To evaluate the integral \(\int (ax + b)^3 \, dx\), we can follow these steps: ### Step 1: Identify the integral We start with the integral: \[ I = \int (ax + b)^3 \, dx \] ### Step 2: Use the power rule for integration We can apply the power rule of integration, which states that: \[ \int x^n \, dx = \frac{x^{n+1}}{n+1} + C \] In our case, we will treat \(ax + b\) as a single variable, say \(u\), where \(u = ax + b\). Thus, we can rewrite the integral as: \[ I = \int u^3 \, dx \] ### Step 3: Change of variables To apply the power rule, we need to express \(dx\) in terms of \(du\).
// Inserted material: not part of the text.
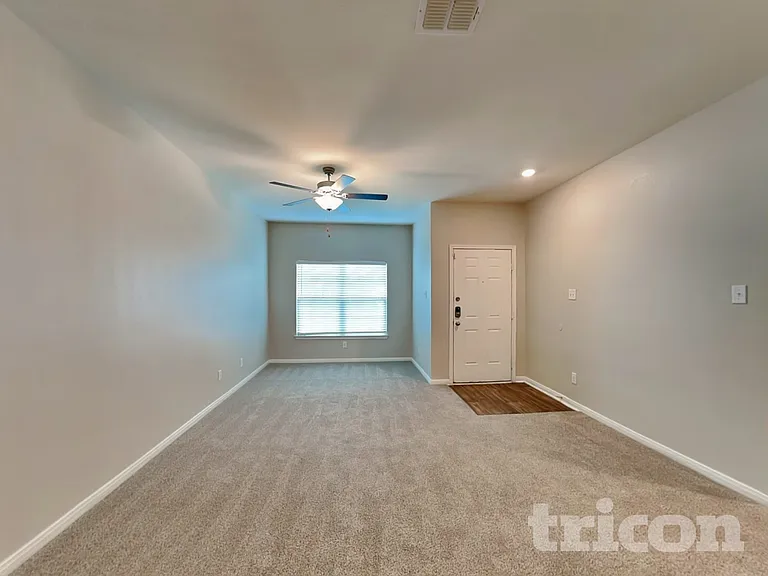3022 Citron Gdn — Photo 2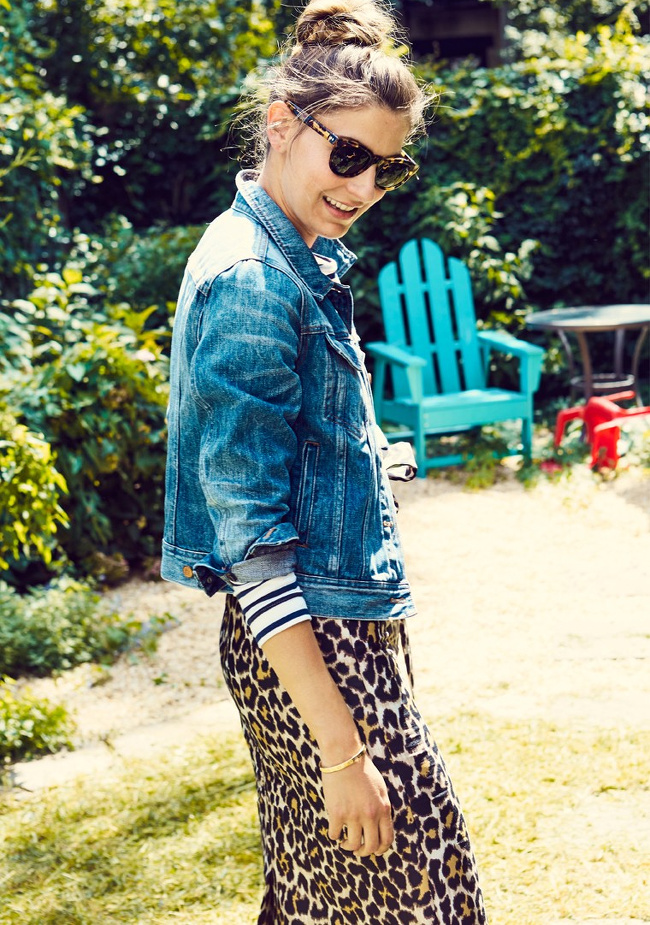 La jupe l�opard n'est jamais plus � son avantage que port�e en mode casual !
We differentiate \(u\): \[ \frac{du}{dx} = a \implies dx = \frac{du}{a} \] Now substituting \(u\) and \(dx\) into the integral gives: \[ I = \int u^3 \cdot \frac{du}{a} \] ### Step 4: Integrate Now we can integrate: \[ I = \frac{1}{a} \int u^3 \, du = \frac{1}{a} \cdot \left( \frac{u^{4}}{4} \right) + C \] Substituting back \(u = ax + b\): \[ I = \frac{1}{a} \cdot \frac{(ax + b)^{4}}{4} + C \] ### Step 5: Simplify the expression This simplifies to: \[ I = \frac{(ax + b)^{4}}{4a} + C \] ### Final Answer Thus, the evaluated integral is: \[ \int (ax + b)^3 \, dx = \frac{(ax + b)^{4}}{4a} + C \] ---